Bus ads spark free speech debate

This ad, sponsored by the Church of Reconciliation, appears on about 100 Chapel Hill Transit buses.

By Jane Porter

Representatives of the triangle Jewish community are planning to request that the Chapel Hill town council review the kinds of ads the town allows on buses. That’s a reaction to a controversial advertisement now posted in more than 90 buses that criticizes U.S. government aid to Israel.

Town leaders pulled the ad briefly because it didn’t say who paid for it, but now the church that sponsored it has revised it and put it back up.

Carrboro resident Megan Hucks is headed home. She’s noticed a lot of Church ads on the bus recently, but this is the first time she’s seen the one calling for the end of U.S. Military aid to Israel.
“I think that’s really a bit too intense for the bus,” Hucks says. “They pay to advertise, so it’s their right. It’s their freedom of speech, but there should be lines, I guess, for what can be advertised on public transit.”

The Presbyterian Church of Reconciliation paid for the ads on 98 buses. The pastor of the 350-member Church, Mark Davidson, says the ad’s message has become an important issue to his congregation.

“We are a church that takes very seriously our vocation to be peacemakers and the name of our church in the Church of Reconciliation,” Davidson says. “We’ve always been involved in reconciliation from our founding days as a church and committed to racial reconciliation in the South.”
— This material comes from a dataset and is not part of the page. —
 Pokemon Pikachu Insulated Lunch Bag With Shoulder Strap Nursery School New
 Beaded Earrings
Davidson says the church decided to run the ad on Chapel Hill buses because it’s an inexpensive way to reach a lot of people.
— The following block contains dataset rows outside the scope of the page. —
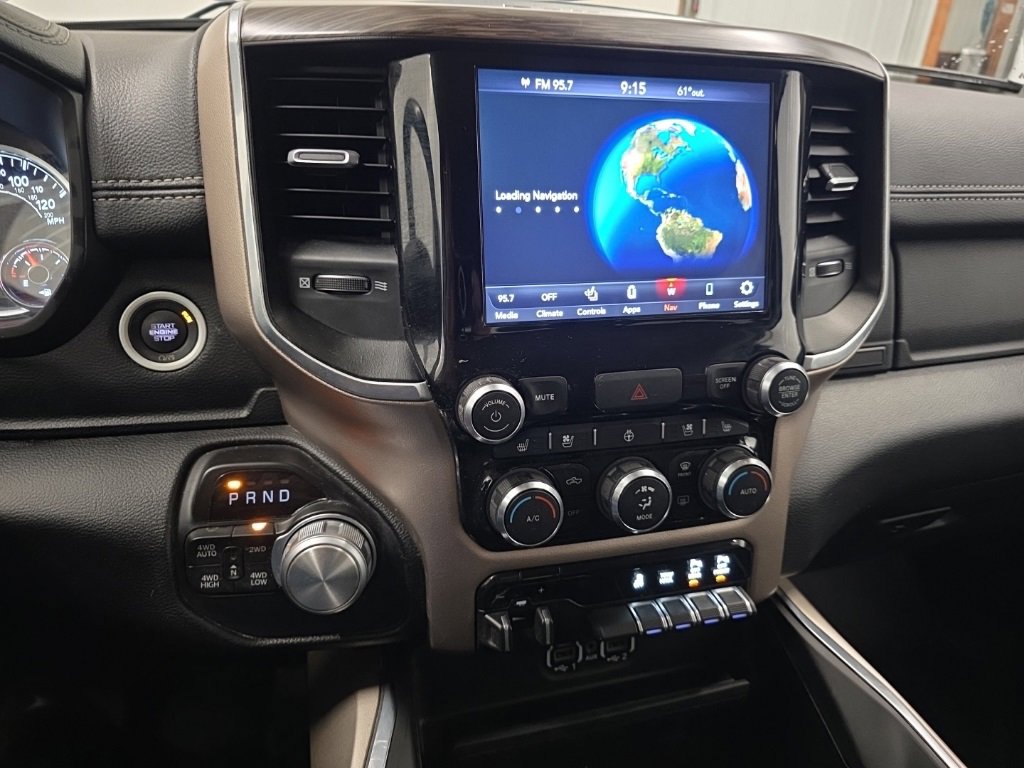 Used 2020 RAM 1500 Laramie image 18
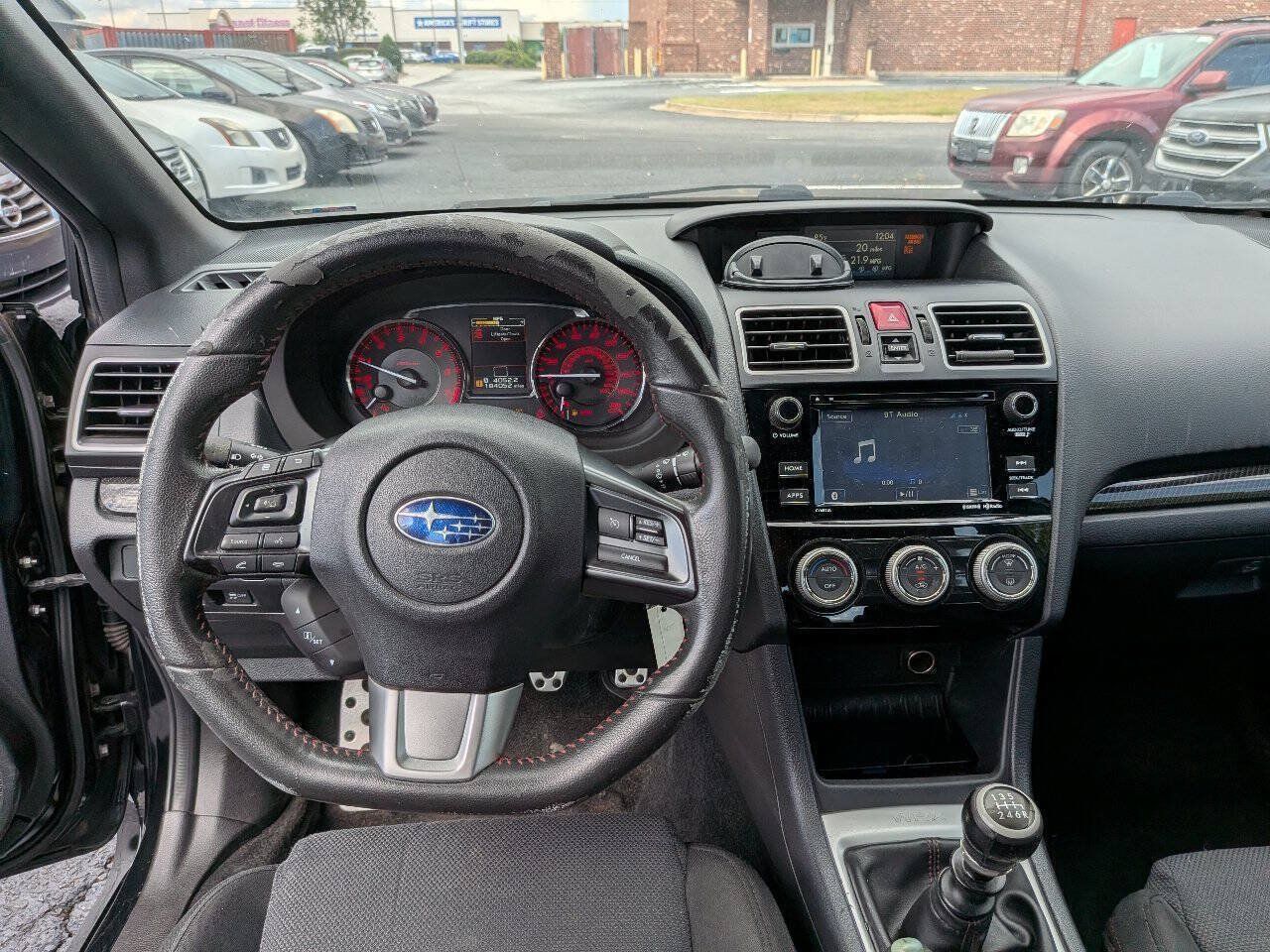 Used 2017 Subaru WRX AWD/4WD image 30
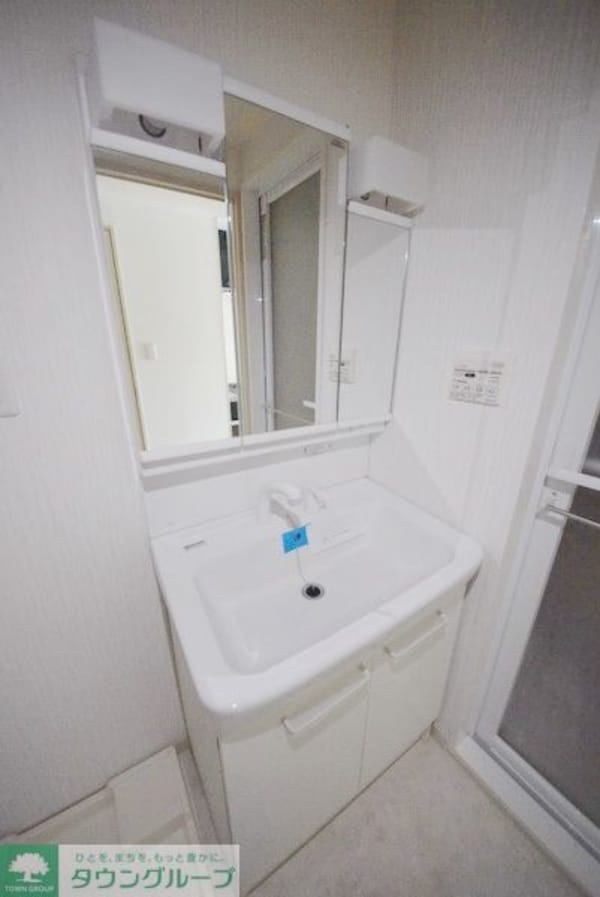 洗面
“It’s a public space for ads that can be used as, we hope, to be a catalyst for conversation on this issue, for education, and informing the public,” Davidson says.

So far, some of that conversation has been negative.

Executive Director of the Durham-Chapel Hill Jewish Federation, Steven Schauder, wants the town to consider banning politically divisive ads.

“Israel has deep meaning for members of the Jewish community and we don’t feel that the ads are really serving Chapel Hill well,” Schauder says.

He feels that commuters make up a captive audience, and that they can’t escape the messages of advertisements once they’re on the bus- and that’s a violation of passengers’ rights.

“Other communities have seen that when you start allowing political ads, then what’s to prevent someone from saying that anti-gay ads, ads against gay people, or ads against planned parenthood,” Schauder says.

Some cities, including Raleigh, already ban non-commercial advertising. UNC Media Law Instructor Elizabeth Woolery says such bans COULD violate the First Amendment, but there ARE ways for cities to enact bans legally.

“If Chapel Hill were to institute a policy where they banned any advertisement that was not commercial in nature, they could do that,” Woolery says. “They would just need to consider that the restrictions be reasonable, and be viewpoint-neutral. That’s how those regulations would pass muster.”

According to town council member Penny Rich, the Jewish community will petition the council to change the current policy to accept commercial ads only, and not political ads.

For Megan Hucks, the answer seems clear.

“If there’s anything like, you know, on a free public bus that’s going to offend people, they should probably take it down,” Hucks says.